# corner box handle wanted



## spacklinfool (Sep 23, 2011)

Does anyone have an extra corner box handle laying around they want to sell or donate?? send me an im..thanks..


----------



## Bazooka-Joe (Dec 31, 2010)

spacklinfool said:


> Does anyone have an extra corner box handle laying around they want to sell or donate?? send me an im..thanks..


you kidding take box to hardware shop with angle from flusher pole 

1, buy pole

2. go to pipe isle put fingers on pipe bender

3. bend pipe

send a charitable donation to Bazooka Joe and the 2buck advise online club


----------



## P.A. ROCKER (Jul 15, 2011)

I'd send you one if I had a spare.
Wilco has brand spanking new handles for $23.

http://eastcoastdrywall.com/product...id=36&osCsid=995703514edcc11d90f96097a52f4ba1


----------



## spacklinfool (Sep 23, 2011)

P.A. ROCKER said:


> I'd send you one if I had a spare.
> Wilco has brand spanking new handles for $23.
> 
> http://eastcoastdrywall.com/product...id=36&osCsid=995703514edcc11d90f96097a52f4ba1


that has a ball at the end for the head only, I need one for the corner box..angled and all..


----------



## P.A. ROCKER (Jul 15, 2011)

spacklinfool said:


> that has a ball at the end for the head only, I need one for the corner box..angled and all..

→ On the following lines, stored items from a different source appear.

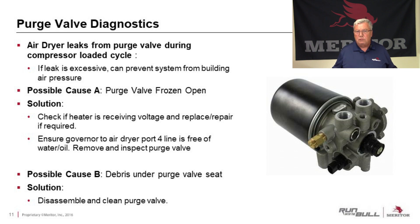One possible cause is that the purge valve is frozen open. This normally happens in the wintertime when cold temperatures cause moisture going through that purge valve to freeze and lock it up. The solution: check to see if the heater is working and receiving voltage. If it's not working, repair or replace it. If it is working, check the signal line coming from the governor to the port on the air dryer — make sure it's free of water or oil and not holding pressure, which could cause that valve to stay open.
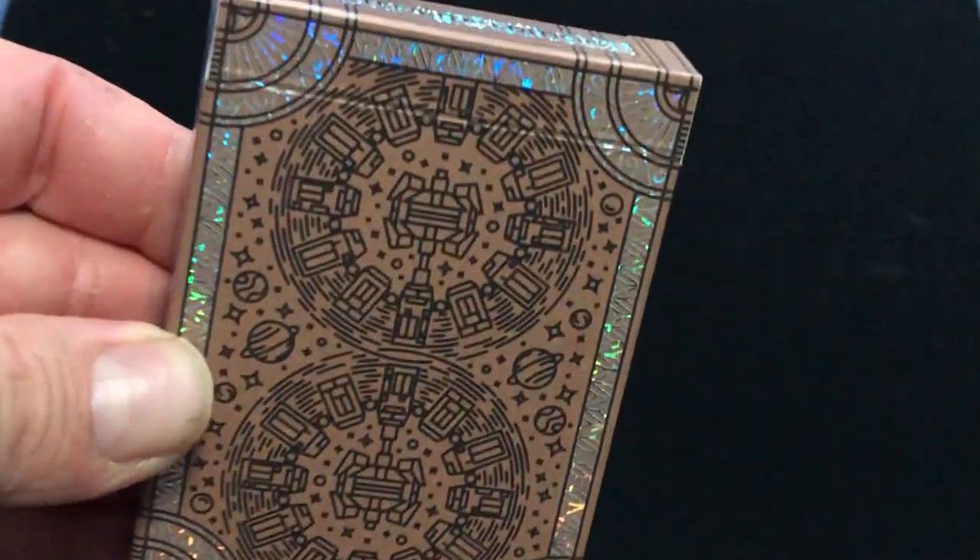It's a full foil card back — silver foil, silver full foil faces. And then there's the back or front of the box, if you will, with some more foil here. And the inside is also a nice polyfoil pattern.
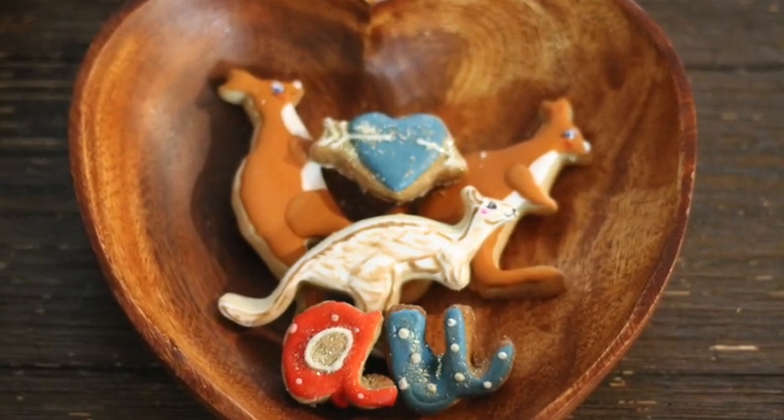How to make kangaroo cookies. Hi everyone, my name is Lupita and welcome to the Cookie Couture where flavor and design collide.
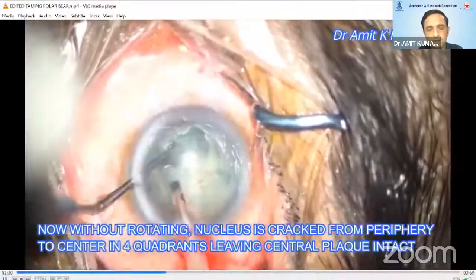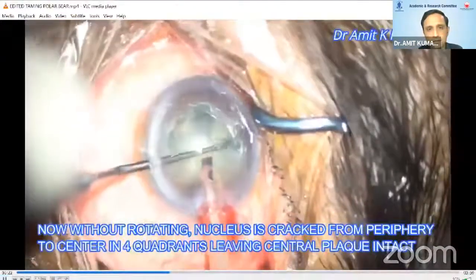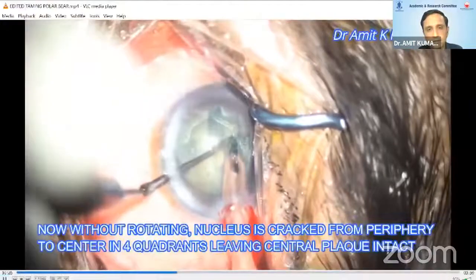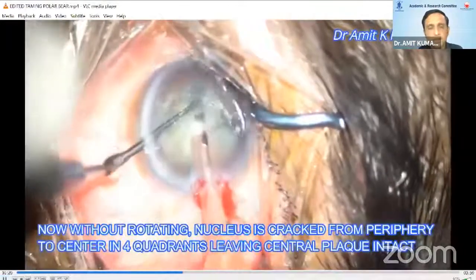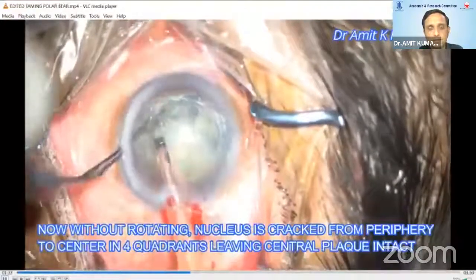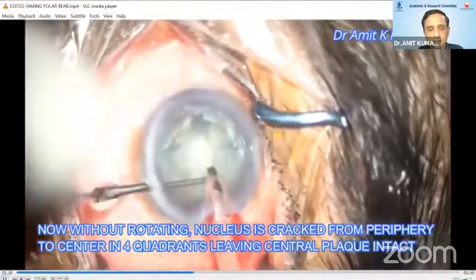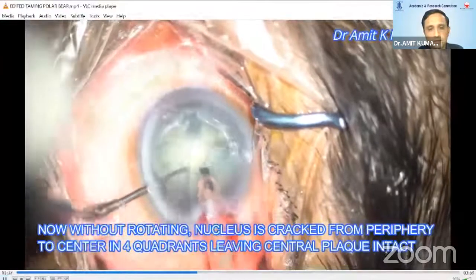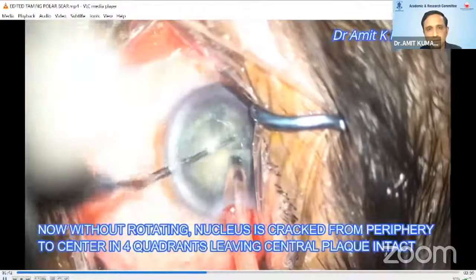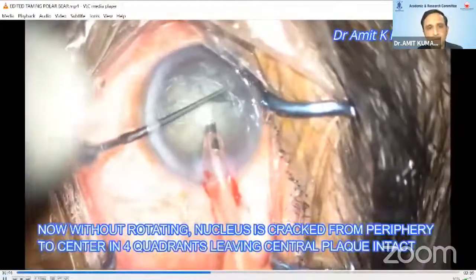Now, without rotation, the nucleus is cracked in all four quadrants from periphery to center without disturbing the central plaque. The separation should be proper, gradual and sharp in all four quadrants. You can take multiple attempts but separation should be proper from periphery towards the center, keeping the central plaque attached as it is — so that now you have four separate pieces attached centrally like flower petals.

Dude, are you kidding me. They attached the wrong pic. 
The skimmer pole costs $47. 
Call them or pay $55 on AllWall:bangin:
I'm the smiley with the hammer. You're the one with the eye twitch.


----------



## gazman (Apr 29, 2011)

Thats funny.:thumbsup:


----------



## Bazooka-Joe (Dec 31, 2010)




----------